The players who are back again are definitely more interesting. Starting with Harold Baines. Here is where electing undeserving players haunts you. Tony Perez, who was elected in 2000, has a quite similar career to Baines. Perez has the postseason numbers and played a "real" position. Hmmm, first base. Nevertheless, if you are willing to vote for Perez, you are willing to vote for Baines.
Bert Blyleven was a great pitcher and because he pitched in markets that weren't big on baseball, he is still out of the HOF. Get him in.
Davey C sucks, Joe.
Andre Dawson had power and speed and a great arm. Unfortunately, he lacks the career numbers nor was he that great of a player.
Rich Gossage was a good player. However, I am a bit on the fence about getting this guy into the Hall.

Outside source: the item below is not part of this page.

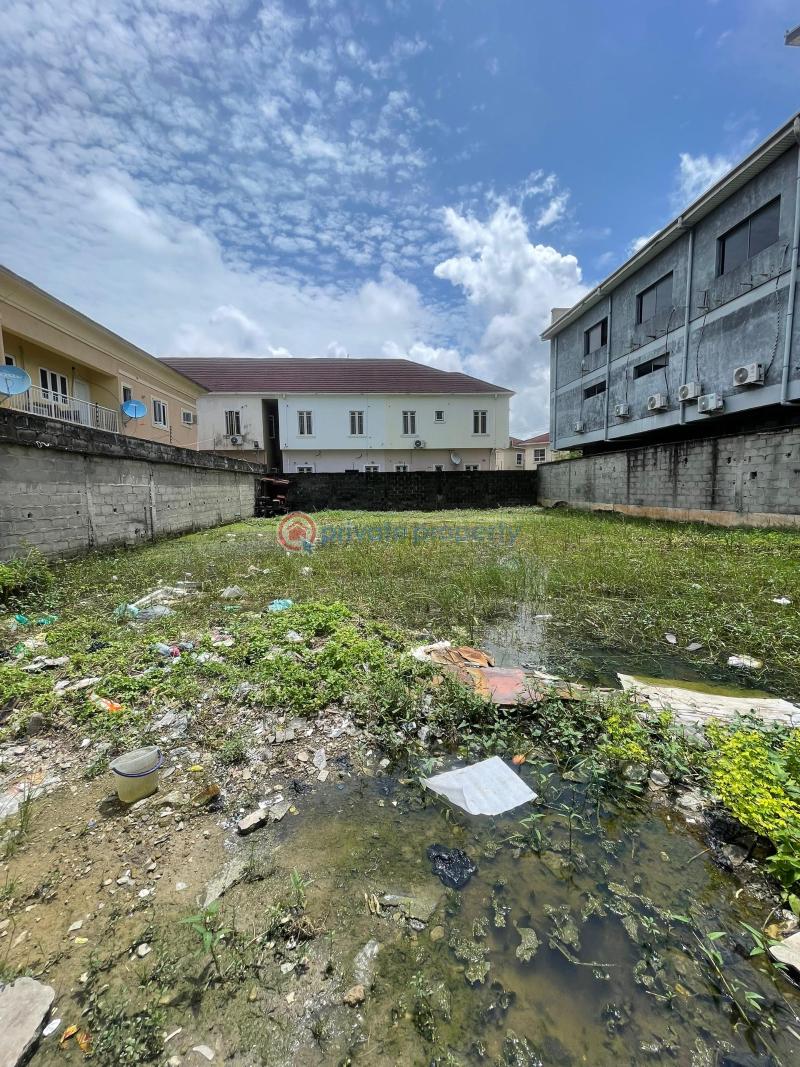 Residential Land For Sale Ibrahim Odofin Close, Off Agungi/ajiran Road, Lekki Peninsula, Lagos State. Agungi Lekki Lagos - 1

Compared to his peers, his numbers aren't that incredible. But the Bruce Sutter decision hurts any argument here.
Tommy John and Don Mattingly are neither deserving, nor that interesting to keep around. But the Yankee writers don't agree.
Mark McGwire. Depends on whether or not you penalize on integrity.
I hate Jack Morris because of one game he pitched in 1991. Luckily, his adjusted ERA+ is not good enough to warrant an argument here between my bias and my knowledge.
Dale Murphy. Good player, one of the best of the 80's offensively, but just not a player with enough good baseball qualities and stats to get elected.
Dave Parker is almost in the same department with Baines. If you vote for Perez and Baines, don't you vote for Parker?
Yet again, Jim Rice is back and with a shot. He was incredible over a six year period covering 1975-80. However, after 1980, Rice did have four years where he was 30% or better than the average player. Most comparable player is HOF Orlando Cepada. I think I gotta keep him around.
Lee Smith. I once had a discussion on Smith in which I was called a racist. I don't mind closers going to the HOF, but I want them to be dominating. Smith's WHIP of 1.26 is good, but not dominating.
Alan Trammell has very good numbers for a shortstop, but I think he's a bit under Barry Larkin and I'm still not sure Larkin is a HOFer.
So...my HOF list?
I am going to give Raines a little credit for one, admitting to his usage, and two, cleaning himself up. I am going to keep Baines and Parker out because one wrong (Perez) does not make a right.